I've jumped in on several threads about the issues contained in the title and not gotten real responses. I'm not attributing any meaning to this or saying it means the proponents can't defend this. I still want to know from those whose view entails the following set of propositions just what your arguments are
1. Increasing government debt in a recession will always or at least probably lead to further tax rate increases.
(If you mean quasi-taxes, be specific and deal with quasi-tax cuts as well. Please discuss the impact of tax basis as part of GDP. Also please discuss your notion of the real value of money, the ideal exchange rate and the ideal level of inflation.)
2. Increasing a certain tax bracket is either immoral or else pragmattically worse than making no change or decreasing that tax, all things considered.
I don't understand the positions here, not for lack of trying or unfamiliarity with the subject matter. I've tried, but I have not found a coherent argument for these. I previously posted a request to justify some version of the folowing, similar to the above. (with some adjustments here to the original)

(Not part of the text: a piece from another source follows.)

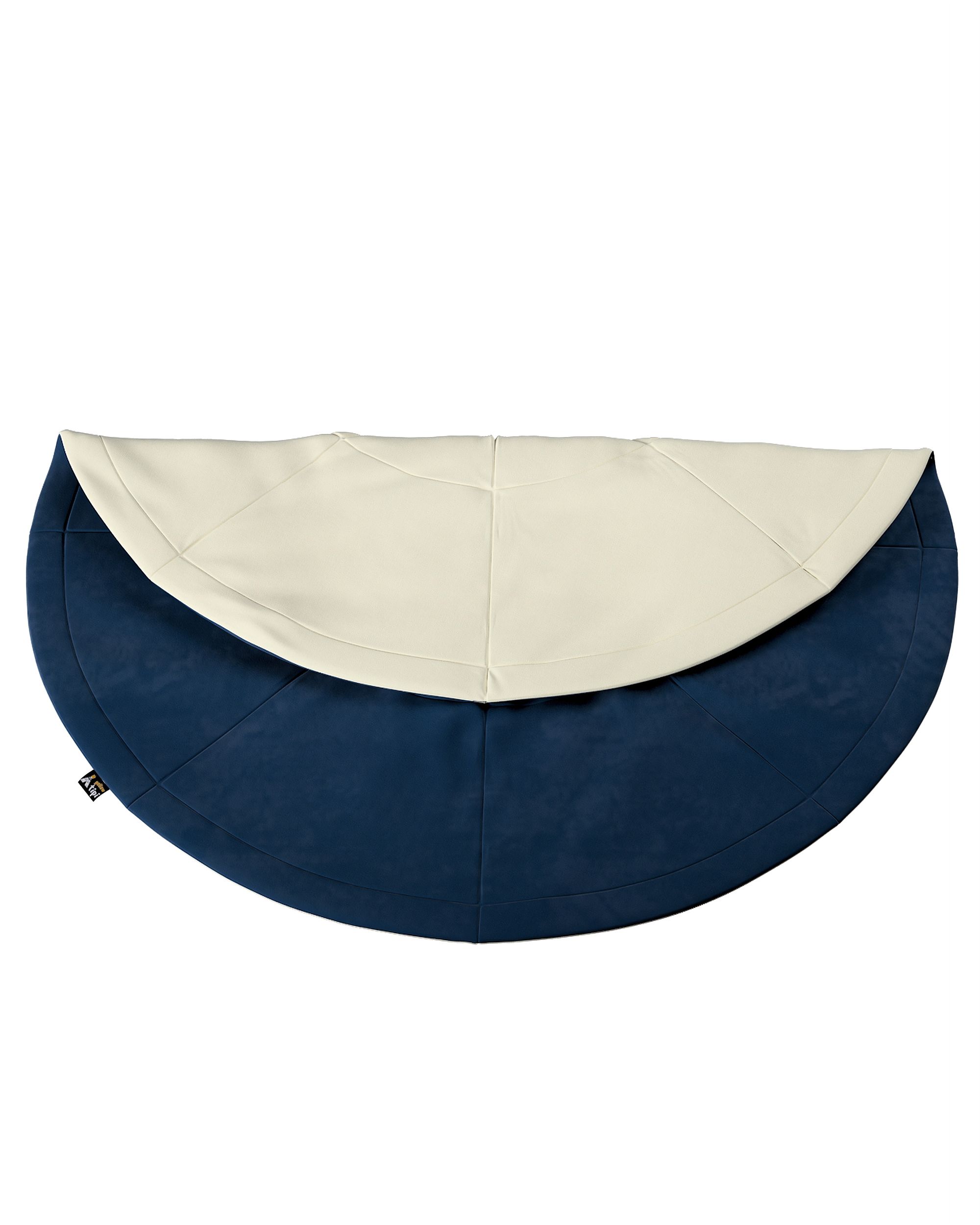 Tapis de jeu rond 130cm couleur bleu marine tissu brillant, velours (hover)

1. Certain tax policies such as a change in an upper income percentile, are either morally wrong or else probably will produce worse consequences than either no change in these tax brackets or a decrease in these tax brackets. 2. Despite an analysis of the pragmatic elements involved, such a policy should be rejected as either un-constitutional or un-American in way that is different and worse than other reinterpretations of the constitution or changes in the American zeitgeist which have happened either by necessity or change in the majority judgement. I know there are far-flung issues here - some of which I contest against the current administration and liberals. (I can be a bit of a war-hawk, I'm not a cultural relativist, and on and on...). I simply feel that conservatives in general no longer have a rational approach to taxation. I've also pointed out elsewhere why specifically I disagree with the concern over government spending and I believe from numerous sources that this is the majority judgement of economists. Namely, the practical and necessary choice for government is high levels of government spending during a recession in combination with other policies. I am a smoker. In Chicago I pay nearly $10 for a pack of cigarettes. Most of this is punitive taxation. Smokers, though a minority, are a significant minority of about %20 ish when last I checked. American legal theory does not adequately define which minority opinions deserve special consideration. This is a problem for democracy in general at any theoretical level. If the majority want the minority to be taxed more, they will be taxed more unless such a minority controls some other feature of the government to a greater degree. Yet my protesting against this tax requires assuming things I would not apply in other areas - so I don't protest because I'm only asking for my self interest to be more important to other people than it is. All I really hear is "Certain policies are worse for a minority of Americans, and therefore the majority of Americans should oppose them." I don't think this is coherent. Every policy is worse for a minority of Americans. |
Again, if there is a good conservative argument for these tax theories or economic worries out there then lay it on me. I'm not biased against conservatives - I'd like to think.
If there is a pragmatic argument here then by all means deliver it. If it is not a pragmatic argument but a normative argument of what we should do as right regardless of the impact then by all means give that. I wouldn't reject that out of hand even though it is not the way I happen to think. I'd really just like to know.
My political views are shaped by the knowledge that the world which would be the best for me would be very bad for everyone else. The world that would be best for people very much like me would also be bad for most other people. It seems like in any possible government or world where there is a compromise of my self interest I must embrace the notioin that some others will derive a benefit from me in which I do not share and also I will experience a loss of possible benefits in which I had no choice.